Trustworthiness of Laser-Induced Breakdown Spectroscopy Predictions via Simulation-based Synthetic Data Augmentation and Multitask Learning
Date:
Laser-induced breakdown spectroscopy is a technique able to perform fast measurements in ambient air without any limitation on the targeted elements. It consists in focusing a laser beam on the surface of a sample in order to form a plasma and in analyzing the radiation emanating from its cooling. It is a versatile procedure used in various scenarios, such as nuclear decommissioning or fundamental physics experiments, for qualitative and quantitative spectral analyses. For the latter, the objective is usually to build a model relating experimental spectra to the concentration of the species of interest. This is based on the availability of a calibration set of known samples and can be done through a variety of supervised techniques. However, in the most straightforward implementation, models do not estimate to which extent an unknown sample is well represented by the calibration set. Hence, we do not know, in general, how reliable the prediction is. For this purpose, we build robust calibration models using deep convolutional multitask learning architectures to predict the concentration of the analyte, alongside additional spectral information as auxiliary outputs. Due to the experimental lack of training samples, we introduce a simulation-based data augmentation process to synthesize an arbitrary number of spectra for training, statistically representative of the experimental data.
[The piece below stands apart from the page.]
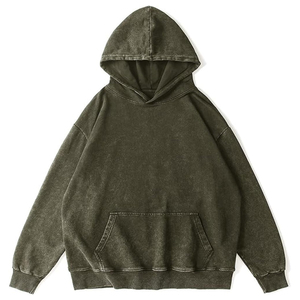 Hommes lourds lavage à l'acide de haute qualité 100% coton printemps vêtements sérigraphie sweats à capuche vierges sweat à capuche lavé à l'acide personnalisé - Product Image 4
The secondary predictions are finally used to validate the model’s trustworthiness by taking advantage of the mutual dependencies of the parameters of the multitask neural networks: a statistical analysis of the outputs can be directly performed through a comparison with ground truth quantities. Such an end-to-end pipeline has a good ability in detecting anomalies and out-of-distribution samples without the need for a separate elemental analysis. Results on different types of materials, such as cement samples and alloys, show an improvement in the robustness (seen as homoscedasticity) and the trueness of the predictions, especially in the presence of noise and strong spectral interference in the spectra.